## Task details:
Each line below from the line with "Volkswagen Polo 2.0" to the line with "2015 Chevrolet Malibu" must be copied exactly, including those two, and no picture may appear in the copy.

## Material provided:
-- Opening Marker --
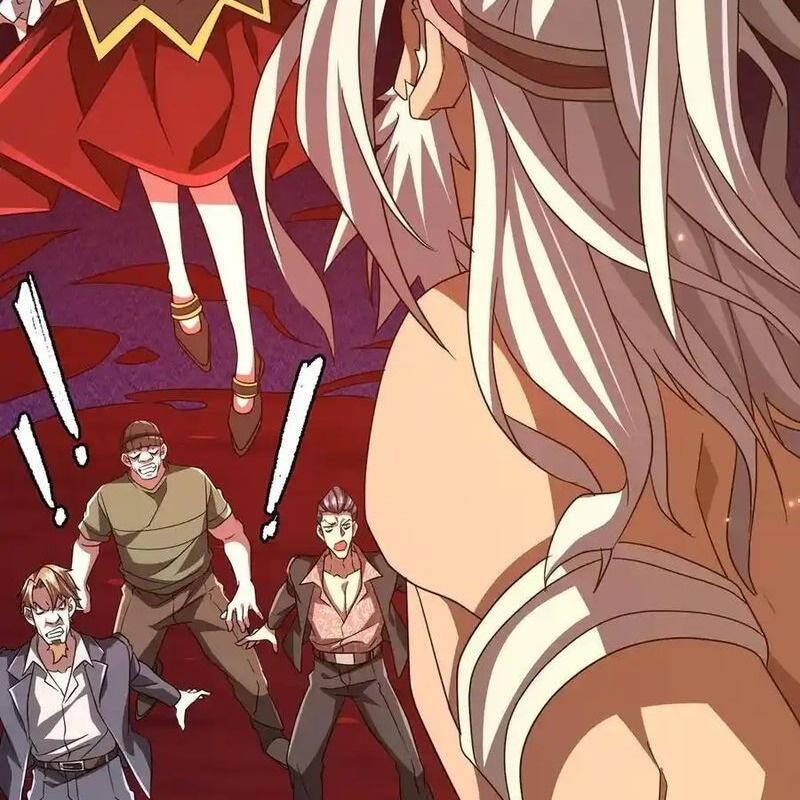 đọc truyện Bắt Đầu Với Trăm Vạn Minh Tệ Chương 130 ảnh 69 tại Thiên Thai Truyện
-- Closing Marker --
-- Opening Marker --
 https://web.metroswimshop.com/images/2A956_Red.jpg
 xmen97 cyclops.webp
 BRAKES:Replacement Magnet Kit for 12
-- Closing Marker --
-- Opening Marker --
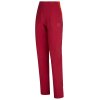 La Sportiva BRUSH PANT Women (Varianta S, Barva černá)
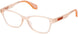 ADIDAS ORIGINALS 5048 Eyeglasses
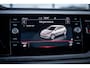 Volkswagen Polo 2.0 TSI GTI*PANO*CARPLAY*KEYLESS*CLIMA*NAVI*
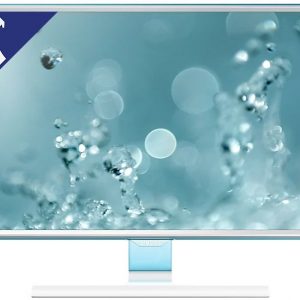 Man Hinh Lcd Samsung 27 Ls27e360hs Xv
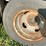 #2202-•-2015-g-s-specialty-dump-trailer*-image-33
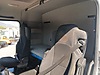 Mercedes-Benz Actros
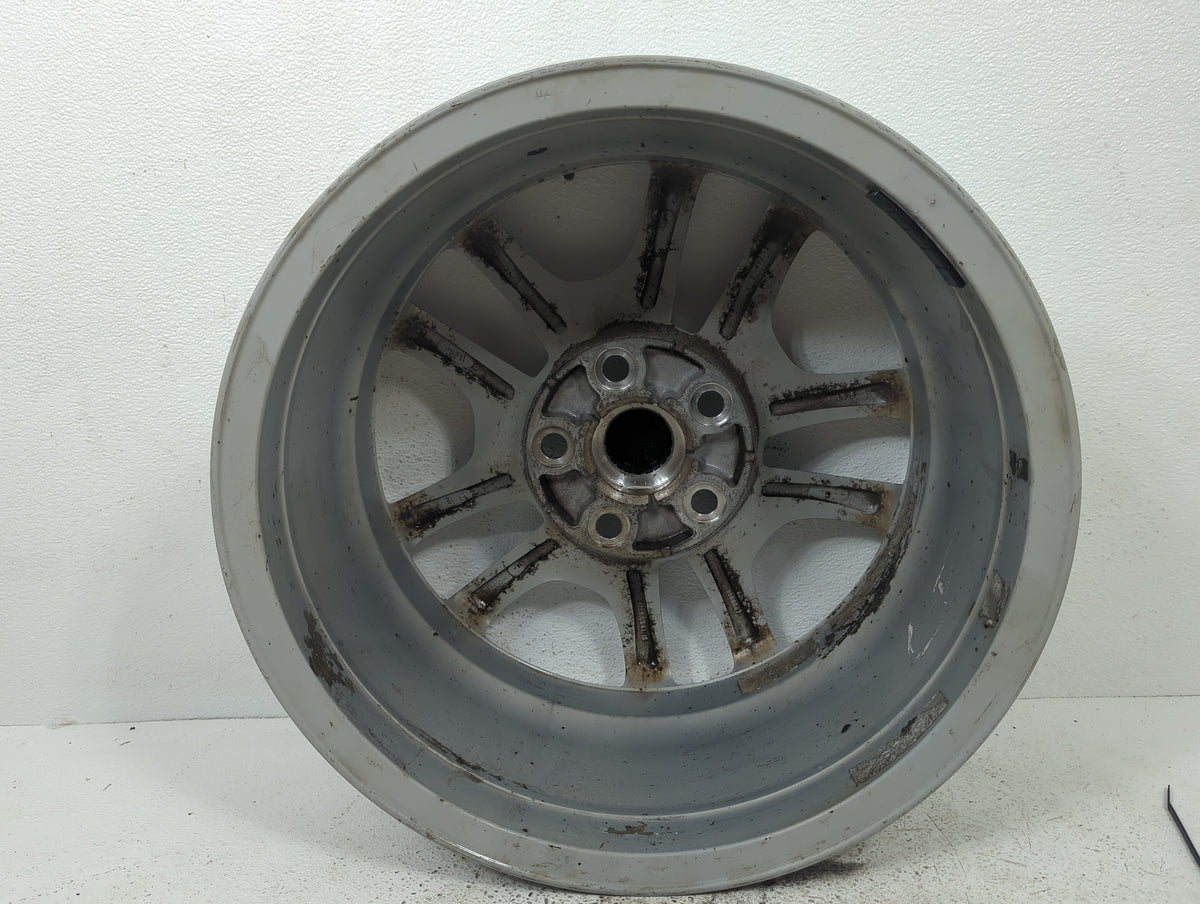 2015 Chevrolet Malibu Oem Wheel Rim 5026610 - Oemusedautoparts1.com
-- Closing Marker --
## Output for this exercise:
 Volkswagen Polo 2.0 TSI GTI*PANO*CARPLAY*KEYLESS*CLIMA*NAVI*
 Man Hinh Lcd Samsung 27 Ls27e360hs Xv
 #2202-•-2015-g-s-specialty-dump-trailer*-image-33
 Mercedes-Benz Actros
 2015 Chevrolet Malibu Oem Wheel Rim 5026610 - Oemusedautoparts1.com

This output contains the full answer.